When you have more information about what to expect, you are less afraid, you waste less time, money and energy, and you feel more empowered. I’m dedicated to supporting people get on the other side of divorce.
Feeling Stuck in Post-Divorce blues?
The divorce process begins well before papers are filed and well after the decree is signed by a judge. Divorce entails grief, which is an emotional process that is over when it's over (not when you think it should be).
It’s not uncommon for people to feel stuck in their healing process following a difficult divorce. I have helped dozens of men and women recover, get on the other side of their grief, and go on to lead fulfilling lives.
Getting additional support and guidance to push through the end of this painful time is a really smart thing to do. You will heal eventually even if you don't reach out, but life is short. Ask yourself whether you want to continue feeling sad, mad and overall bad over the end of your marriage, or whether you want to begin the next chapter of your life as soon as possible.
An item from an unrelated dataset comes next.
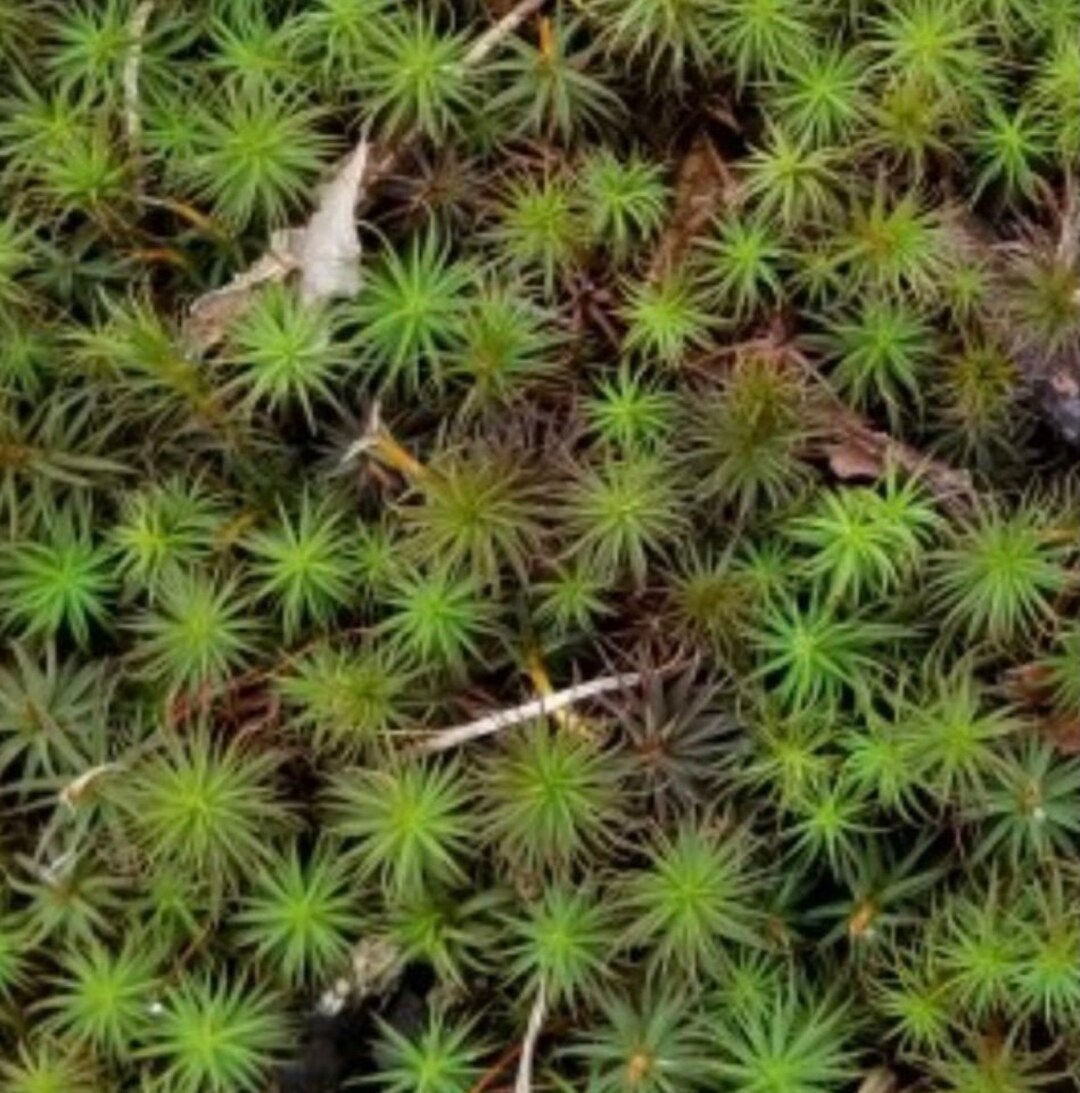 Evergreen Hair Cap Moss Fresh Live Shade Garden Bog Garden Wetland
Conflict with anyone is a drag. Especially when you're at odds with a person whom you used to love and who had presumably been your best friend. It just makes everything in your life harder.
Thankfully, just as marriage has evolved, divorce has as well, and now there are a variety of dissolution modalities to choose from. One of these is called, Integrative Mediation (I.M.).
It's more or less a hybrid between the single mediator model and the collaborative process. It enables couples to get additional emotional support through the entire divorce process while keeping the cost manageable.